- _Data for this exercise_
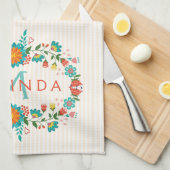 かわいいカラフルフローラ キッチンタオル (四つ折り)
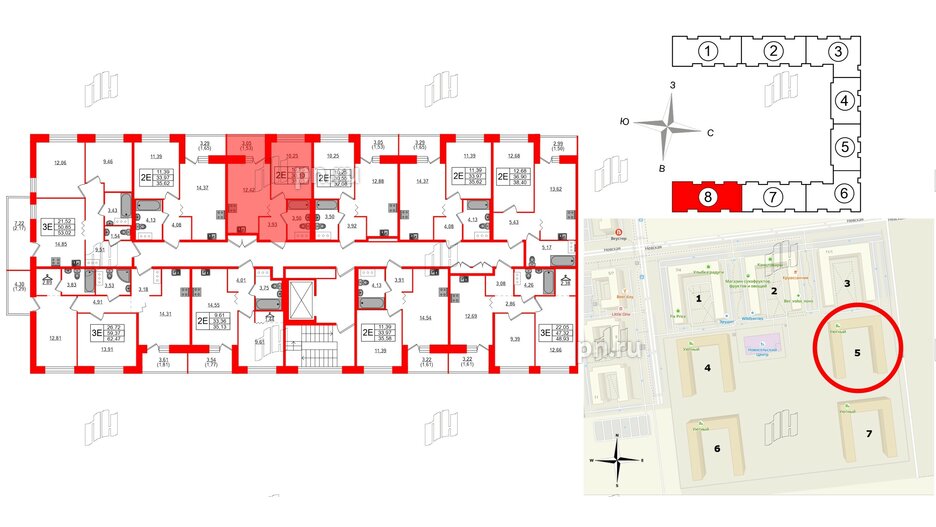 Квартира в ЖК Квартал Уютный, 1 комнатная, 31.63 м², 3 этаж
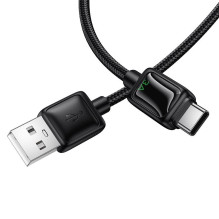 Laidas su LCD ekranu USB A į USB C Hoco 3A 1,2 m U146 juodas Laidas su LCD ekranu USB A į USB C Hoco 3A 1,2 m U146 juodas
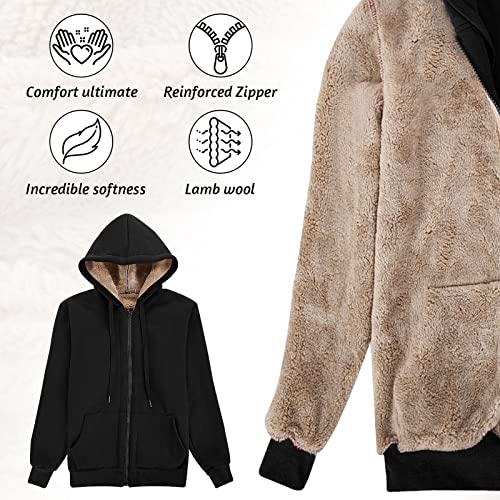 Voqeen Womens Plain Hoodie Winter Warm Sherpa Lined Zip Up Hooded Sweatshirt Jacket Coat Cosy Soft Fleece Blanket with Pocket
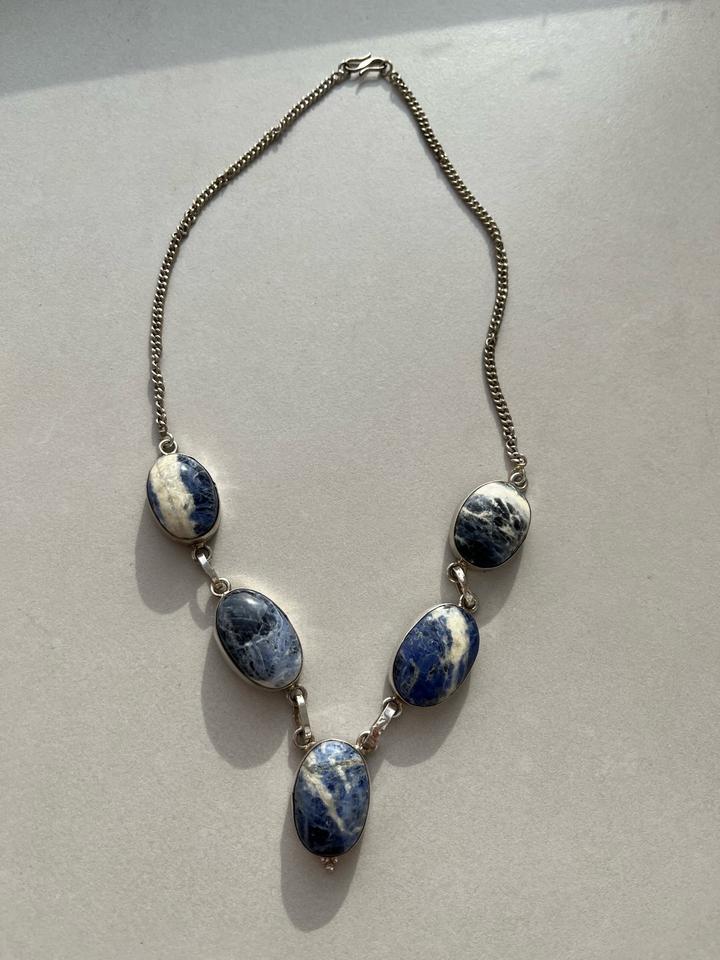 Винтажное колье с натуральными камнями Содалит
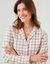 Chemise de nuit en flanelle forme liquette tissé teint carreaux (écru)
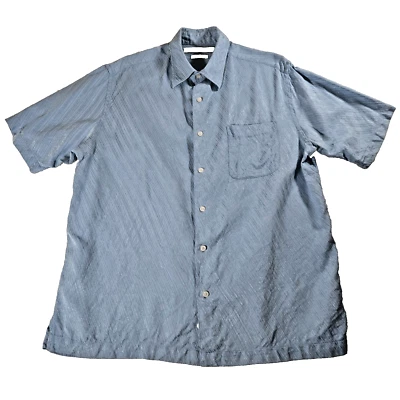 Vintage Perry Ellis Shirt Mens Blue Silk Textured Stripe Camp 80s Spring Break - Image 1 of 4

- _Task goal_
Each record above needs to be retyped exactly, without any pictures.

- _Task result_
 かわいいカラフルフローラ キッチンタオル (四つ折り)
 Квартира в ЖК Квартал Уютный, 1 комнатная, 31.63 м², 3 этаж
 Laidas su LCD ekranu USB A į USB C Hoco 3A 1,2 m U146 juodas Laidas su LCD ekranu USB A į USB C Hoco 3A 1,2 m U146 juodas
 Voqeen Womens Plain Hoodie Winter Warm Sherpa Lined Zip Up Hooded Sweatshirt Jacket Coat Cosy Soft Fleece Blanket with Pocket
 Винтажное колье с натуральными камнями Содалит
 Chemise de nuit en flanelle forme liquette tissé teint carreaux (écru)
 Vintage Perry Ellis Shirt Mens Blue Silk Textured Stripe Camp 80s Spring Break - Image 1 of 4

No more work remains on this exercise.